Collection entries
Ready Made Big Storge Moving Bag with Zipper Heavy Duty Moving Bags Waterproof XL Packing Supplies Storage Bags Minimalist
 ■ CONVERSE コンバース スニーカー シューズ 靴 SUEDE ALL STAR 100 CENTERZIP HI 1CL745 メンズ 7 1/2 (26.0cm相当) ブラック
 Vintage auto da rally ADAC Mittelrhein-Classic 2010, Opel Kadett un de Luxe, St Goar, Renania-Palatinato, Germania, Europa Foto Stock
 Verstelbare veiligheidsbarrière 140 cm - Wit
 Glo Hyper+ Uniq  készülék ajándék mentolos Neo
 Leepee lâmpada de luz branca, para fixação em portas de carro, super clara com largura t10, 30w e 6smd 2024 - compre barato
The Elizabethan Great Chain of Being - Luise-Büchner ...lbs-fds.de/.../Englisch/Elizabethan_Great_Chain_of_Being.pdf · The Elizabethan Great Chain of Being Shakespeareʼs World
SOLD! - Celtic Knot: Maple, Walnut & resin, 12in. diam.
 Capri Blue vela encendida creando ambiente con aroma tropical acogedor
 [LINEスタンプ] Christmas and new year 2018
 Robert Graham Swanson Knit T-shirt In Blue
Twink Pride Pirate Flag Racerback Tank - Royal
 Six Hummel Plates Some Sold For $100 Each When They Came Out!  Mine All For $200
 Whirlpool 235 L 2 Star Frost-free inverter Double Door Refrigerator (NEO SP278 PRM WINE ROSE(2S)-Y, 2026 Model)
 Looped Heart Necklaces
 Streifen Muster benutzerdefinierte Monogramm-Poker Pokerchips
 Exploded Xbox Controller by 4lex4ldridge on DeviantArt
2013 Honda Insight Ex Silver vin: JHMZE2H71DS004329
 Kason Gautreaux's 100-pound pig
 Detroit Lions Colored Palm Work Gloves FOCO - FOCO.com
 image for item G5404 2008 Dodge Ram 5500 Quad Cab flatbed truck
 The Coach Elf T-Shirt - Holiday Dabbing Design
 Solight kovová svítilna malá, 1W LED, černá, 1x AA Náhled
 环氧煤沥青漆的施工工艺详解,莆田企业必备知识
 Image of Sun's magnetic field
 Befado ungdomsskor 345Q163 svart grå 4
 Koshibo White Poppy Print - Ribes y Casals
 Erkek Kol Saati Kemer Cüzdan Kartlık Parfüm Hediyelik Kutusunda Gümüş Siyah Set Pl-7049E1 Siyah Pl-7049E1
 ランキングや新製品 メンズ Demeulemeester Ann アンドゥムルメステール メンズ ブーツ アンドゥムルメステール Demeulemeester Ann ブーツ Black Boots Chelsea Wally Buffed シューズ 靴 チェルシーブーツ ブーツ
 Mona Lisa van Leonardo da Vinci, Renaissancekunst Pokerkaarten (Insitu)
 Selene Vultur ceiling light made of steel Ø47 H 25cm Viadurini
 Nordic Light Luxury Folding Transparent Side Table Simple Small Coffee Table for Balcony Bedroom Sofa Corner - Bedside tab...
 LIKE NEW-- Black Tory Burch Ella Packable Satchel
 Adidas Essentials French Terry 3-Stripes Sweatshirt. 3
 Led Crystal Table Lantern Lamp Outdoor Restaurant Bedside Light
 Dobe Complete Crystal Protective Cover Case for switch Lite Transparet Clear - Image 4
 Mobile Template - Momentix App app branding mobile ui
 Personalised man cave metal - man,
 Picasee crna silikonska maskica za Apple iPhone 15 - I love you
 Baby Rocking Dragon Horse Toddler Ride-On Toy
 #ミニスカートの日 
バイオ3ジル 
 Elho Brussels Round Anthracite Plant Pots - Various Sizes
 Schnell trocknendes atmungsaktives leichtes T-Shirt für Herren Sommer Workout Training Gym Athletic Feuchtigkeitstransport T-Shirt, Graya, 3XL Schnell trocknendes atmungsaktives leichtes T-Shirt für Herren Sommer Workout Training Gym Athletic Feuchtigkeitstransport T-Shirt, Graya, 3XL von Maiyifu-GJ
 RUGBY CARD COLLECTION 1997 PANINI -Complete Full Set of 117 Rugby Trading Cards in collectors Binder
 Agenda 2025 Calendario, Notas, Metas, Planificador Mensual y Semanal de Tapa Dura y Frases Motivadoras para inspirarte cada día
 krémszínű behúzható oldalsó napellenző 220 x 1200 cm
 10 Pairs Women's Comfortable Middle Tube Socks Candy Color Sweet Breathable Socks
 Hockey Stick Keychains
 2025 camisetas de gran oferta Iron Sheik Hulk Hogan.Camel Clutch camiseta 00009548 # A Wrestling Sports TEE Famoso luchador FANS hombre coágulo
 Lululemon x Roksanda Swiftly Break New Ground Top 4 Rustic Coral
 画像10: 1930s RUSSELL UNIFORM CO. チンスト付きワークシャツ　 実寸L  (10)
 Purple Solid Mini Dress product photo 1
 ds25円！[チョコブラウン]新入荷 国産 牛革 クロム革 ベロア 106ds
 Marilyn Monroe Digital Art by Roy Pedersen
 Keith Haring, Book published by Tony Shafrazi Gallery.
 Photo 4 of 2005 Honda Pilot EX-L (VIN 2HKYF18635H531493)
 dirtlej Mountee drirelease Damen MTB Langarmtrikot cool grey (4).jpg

◆ Aim of the task ◆
Copy out every line from the records that has the word "Honda".

◆ Solution for this problem ◆
2013 Honda Insight Ex Silver vin: JHMZE2H71DS004329
 Photo 4 of 2005 Honda Pilot EX-L (VIN 2HKYF18635H531493)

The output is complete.